All this is to say that On the Run and its author, initially received like royalty, were later defenestrated from the castle window. The criticisms of Goffman and her first book, many of which were hardly resolved, will likely haunt her for the remainder of her career, lingering in colleagues’ minds, reemerging at crucial moments in committees considering applications and proposals from Goffman. On the Run will cast a shadow on up-and-coming academics, serving as an example of innovative but treacherous research; it will roam universities as a ghost whose silhouette, barely noticeable, will frighten scholars and students enough by conveying the thought of “academic misconduct.” Whether or not this is fair, it is true. This truth should be punishment enough for Goffman, who will certainly have a long career ahead of her—there is no need to further degrade On the Run, a valuable book criticisms withstanding, and its author.
Indeed, On the Run is ultimately a remarkable and important book, a damning tract that is also a call-to-action. “‘On the Run’ is, first and foremost, a remarkable feat of reporting,” wrote Alex Kotlowitz’s in The New York Times, and it is. Despite some discrepancies and factual errors, Goffman’s book is a cogent, informative, and worthwhile read. It draws from a rich and heady intellectual tradition—that of sociology—but often it reads like long-form reportage and is notable for its measured tone and clear language, both of which broaden the table and pull up a seat for lay readers.

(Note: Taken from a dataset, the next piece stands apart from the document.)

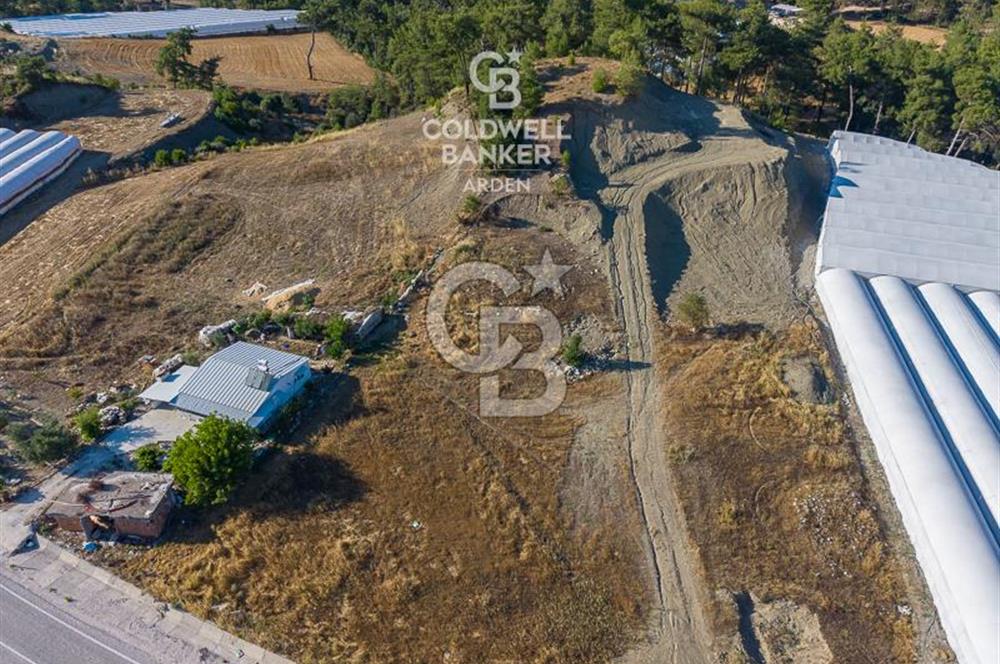 CB ARDEN'DEN KAŞ-ÇEŞME ANAYOLU ÜZERİ SATILIK TARLA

Finally, Goffman’s is a book that refuses to simple sit on the stacks, collecting dust in the shelves of academe, asking only for scholarly critique and engagement. On the Run was written about an issue of importance to the public—the people that far too often are seen as the subjects, rather than the benefactors of, scholarship—not a solely a select group of specialists. Messy as this kind of scholarship is, as the critics of Goffman can attest, it is worthwhile.
Jacob Bruggeman is an honors student in his fourth year at Miami University with majors in history and political science, and a combined BA–MA program in political science. Jacob was recently honored for his research as one of fifteen national recipients of the Gilder Lehrman History Scholar award, and he is one of two Joanna Jackson Goldman Scholars at Miami. Next Fall he will begin coursework for a MPhil in Economic and Social History at Cambridge University.